363 266-Mektub

Cennete girmeği îmâna bağlamak, îmânın kıymetini bildir­mek içindir. Bu da, îmân olunacak şeylerin kıymeti ve ehemmiyyeti demek­dir. Bunun gibi, Cehenneme girmeği de küfre bağlamak, küfrü tahkîr için­dir ki, inanılmıyan şeylerin kıymetini bildiriyor ve onlara inanılmadığı için, böyle sonsuz azâb veriliyor. Ba’zı meşâyıhın, başka dürlü söylemele­rinde bu incelik yokdur.

Dünyâdan âhırete îmânlı giden, Cennetde Allahü teâlâyı cihetsiz ve key­fiyyetsiz ve hiçbirşeye benzetmiyerek ve misâli olmıyarak görecekdir. Bu­na, müslimânların yetmişüç fırkasından, yalnız Ehl-i sünnet inanmışdır. Di­ğerleri inkâr etmiş ve cihetsiz ve keyfiyyetsiz olarak görmek olamaz demiş­lerdir. Hattâ, Muhyiddîn-i Arabî “kuddise sirruh”, âhıretde Allahü teâlâ­yı görmek, (Tecellî-i sûrî)dir. [Ya’nî, kendini değil, sûretini görmekdir di­yor.] Başka dürlü görmek olmaz diyor. Birgün üstâdım, Muhyiddîn-i Ara­bînin şöyle buyurduğunu söyledi: (Mu’tezile fırkası, Allahü teâlâ, aklın er­mediği bir görmekle, cihetsiz, keyfiyyetsiz olarak görülecek demeselerdi, başka şeylerin görülmesi gibi, görülecek deselerdi ve Onu görmeği, sûrî bir tecellî olarak bilselerdi, Onu görmeği inkâr etmez, görülemez demezlerdi.

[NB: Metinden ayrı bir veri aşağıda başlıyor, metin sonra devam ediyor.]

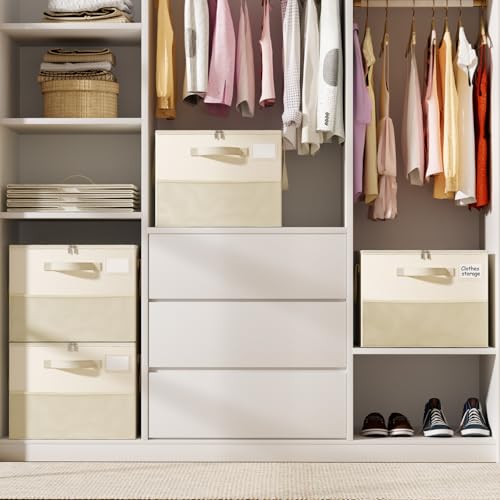 NestOrganix Beige Foldable Shoe Organizer for Closet, Holds 16-24 Pairs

Ya’nî cihetsiz, keyfiyyetsiz olarak görüleceğine inanmıyorlar. Sûretin tecel­lîsinde ise, cihet ve keyfiyyet vardır). Hâlbuki Cennetde Allahü teâlâyı gör­meği, sûretin tecellîsi [görünmesidir] demek, Onu görmeği inkâr etmekdir. Her ne kadar oradaki sûretin tecellîsi, dünyâda eşyâ sûretlerinin görünme­si gibi değil ise de, yine Onun kendini görmek değildir. Arabî şi’r terceme­si:

Îmân sâhibleri, Cennetde Allahü teâlâyı keyfiyyetsiz görecekdir.

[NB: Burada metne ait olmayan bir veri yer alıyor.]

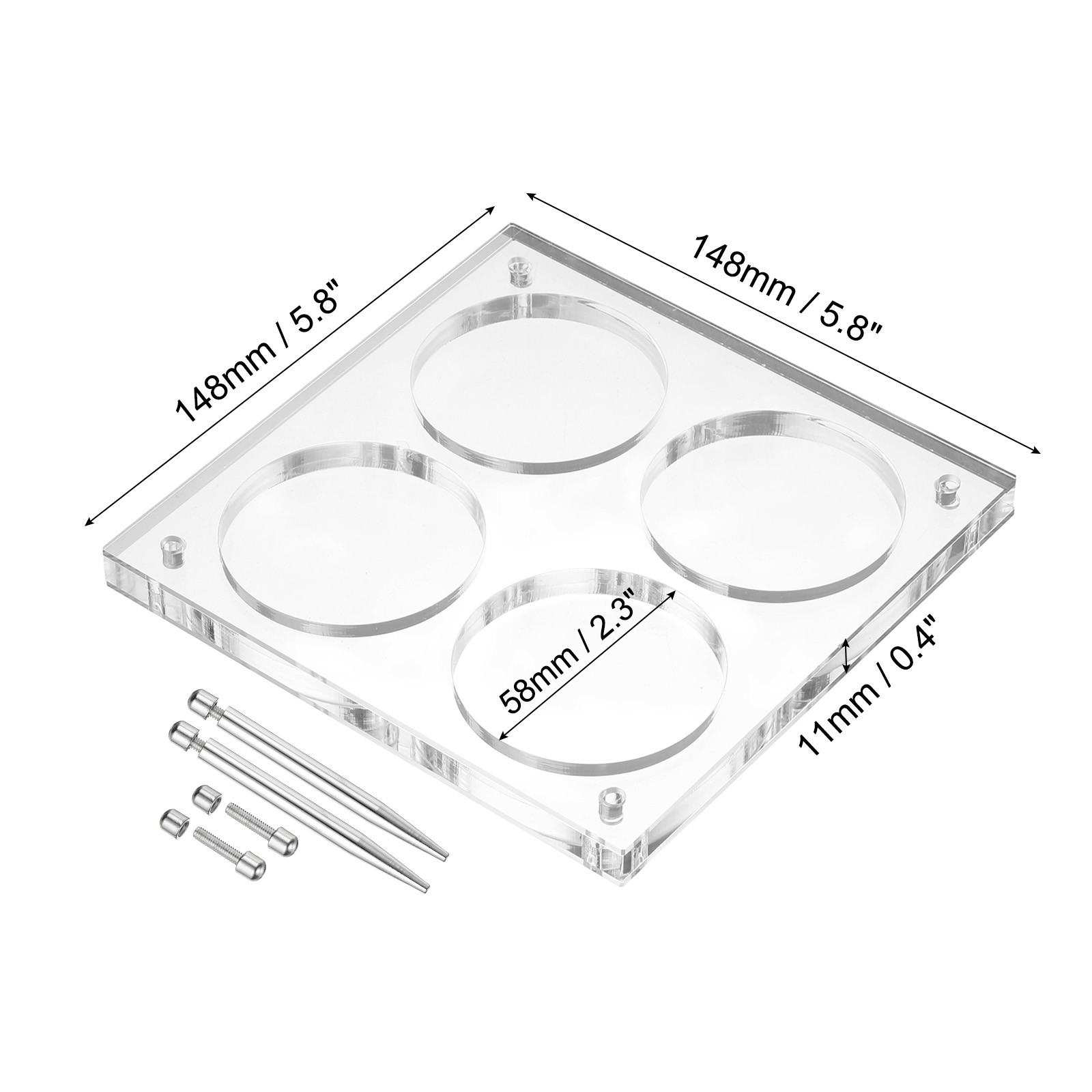 2.3" Acrylic Coin Display Frame 3D Floating Display Case Holder 4 Slots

Bu görmeği anlatmak, mümkin değildir.

[Îmânın dördüncü şartı, Peygamberlere inanmakdır]. Allahü teâlâ, kul­larına acıdığı için, Peygamberler “aleyhimüssalevâtü vetteslîmât” gön­derdi. Eğer bu büyük insanlar gönderilmeseydi, yolu şaşırmış olan insan­lara, Onu ve sıfatlarını kim bildirirdi? Beğendiklerini, beğenmediklerinden kim ayırabilirdi? İnsan aklı, noksân olduğu için, o büyüklerin da’vet nûru ile aydınlanmadıkça bunları bilemez ve ayıramaz. Anlayışımız tâm olma­dığı için, bu büyüklerin izinde gitmedikçe, bunları anlamakda şaşırır ve al­danırız. Evet akl, doğruyu iğriden ayırmağa yarıyan bir âletdir. Fekat, tâm olmıyan bir âletdir. O büyüklerin da’veti ile, haber vermeleri ile temâm olmakdadır. Âhıretin azâbı, sevâbı, bu da’vet ve haberden sonra olur.

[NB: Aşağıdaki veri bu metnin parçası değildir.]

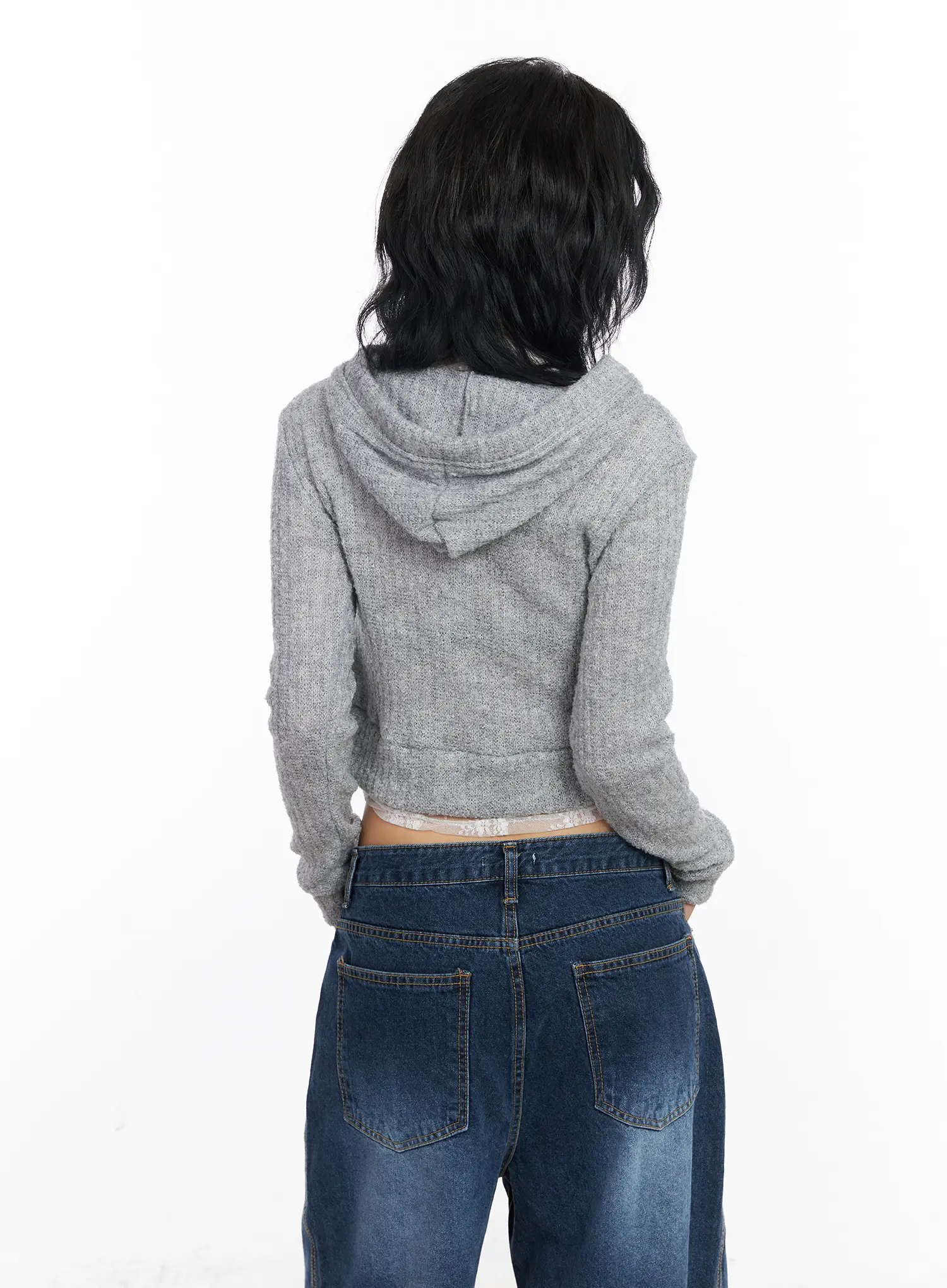 Boucle Knit Crop Hoodie CJ522 - Image 7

[Akl göz gibidir. İslâmiyyet de ışık gibidir. Ya’nî, insanın aklı, gözü gi­bi za’îf yaratılmışdır. Gözümüz karanlıkda göremiyor. Allahü teâlâ, görme âletimizden istifâde edebilmemiz için güneşi yaratdı. Güneşin ve çeşidli ışık kaynaklarının nûru olmasaydı, gözümüz işe yaramaz, tehlükeli cismlerden, yerlerden kaçamaz, fâideli şeyleri bulamazdık. Evet, gözünü açmıyan ve­yâ gözü bozuk olan, güneşden fâidelenemez. Fekat, bunların güneşe kabâ­hat bulmağa hakları olmaz.

Aklımız da, yalnız başına ma’neviyyâtı, fâideli, zararlı şeyleri anlıyamı­yor. Allahü teâlâ, aklımızdan fâidelenmemiz için, Peygamberleri, islâmiy­yet ışığını yaratdı.